Sólo vagamente recordaba Châtelus-le-Marcheix, en su recuerdo no era nada más que un pueblecito decrépito, ordinario, de la Francia rural. Pero le invadió la estupefacción en cuanto dio los primeros pasos por las calles de la aldea. Para empezar, el pueblo había crecido mucho, había como mínimo el doble, quizá el triple de casas. Y las casas estaban flamantes, floridas, edificadas con un respeto maniático por el estilo tradicional de Limoges. En la calle principal había por todas partes escaparates de productos regionales, de artesanías, y en diez metros contó tres cafés que ofrecían conexiones baratas con Internet. Aquello se parecía mucho más a Koh Phi Phi o Saint-Paul-de-Vence que a un pueblo rural de la Creuse.

Un poco aturdido, se paró en la plaza mayor y reconoció el café que había delante de la iglesia. Reconoció más bien
la ubicación
del café. El interior, con sus lámparas Art Nouveau, sus mesas de madera oscura, sus patas y travesaños de hierro forjado y sus bancos de cuero querían a todas luces evocar el ambiente de un café parisino de la Belle Epoque. Sin embargo, cada mesa disponía de una consola para ordenador portátil con pantalla de 21 pulgadas, enchufes que cumplían las normas europeas y norteamericanas y un folleto que indicaba los procedimientos de conexión con la red Creuse-Sat: al leerlo, Jed supo que el consejo general había financiado el lanzamiento de un satélite geoestacionario para mejorar la rapidez de las conexiones Internet en el departamento. Pidió un rosado Menetou-Salon y lo bebió meditabundo, pensando en aquellas transformaciones. A aquella hora temprana había poca gente en el café. Una familia china tomaba un
break-fast limousin
de 23 euros por persona, según comprobó Jed consultando la carta. Más cerca de él, un barbudo fornido, con el pelo recogido en una coleta, consultaba sus e-mails distraídamente; lanzó una mirada intrigada a Jed, frunció las cejas, dudó si dirigirle la palabra y finalmente volvió a enfrascarse en su ordenador. Jed apuró su vaso de vino, salió del local, se quedó un momento pensativo al volante de su Audi, un todoterreno eléctrico; había cambiado tres veces de automóvil en los últimos veinte años, pero se había mantenido fiel a la marca que le había brindado sus primeros goces automovilísticos.
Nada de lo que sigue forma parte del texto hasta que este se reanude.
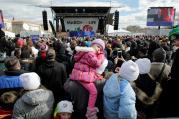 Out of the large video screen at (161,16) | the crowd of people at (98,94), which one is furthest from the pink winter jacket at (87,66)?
the large video screen at (161,16)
Durante las semanas siguientes, exploró poco a poco, a pequeñas etapas, sin abandonar del todo el Limousin —salvo un breve recorrido por Dordoña y otro aún más breve por los montes de Rodez—, el país, Francia, que indiscutiblemente era el suyo. Era evidente que Francia había cambiado mucho. Se conectó a Internet muchas veces, mantuvo algunas conversaciones con hoteleros, restauradores y otros proveedores de servicios (el dueño de un garaje en Périgueux, una
escort-girl
de Limoges), y todo le confirmó la primera impresión fulgurante que tuvo al atravesar el pueblo de Châtelus-le-Marcheix: sí, el país había cambiado, cambiado profundamente. Los habitantes tradicionales de las zonas rurales habían desaparecido casi totalmente. Les habían sustituido los recién llegados de las áreas urbanas, animados por un vivo apetito empresarial y a veces por convicciones ecológicas moderadas, comercializables. Se habían propuesto repoblar el hinterland, esta tentativa, al cabo de muchos intentos infructuosos, basada esta vez en un conocimiento preciso de las leyes del mercado y en su lúcida aceptación de las mismas, había tenido un completo éxito.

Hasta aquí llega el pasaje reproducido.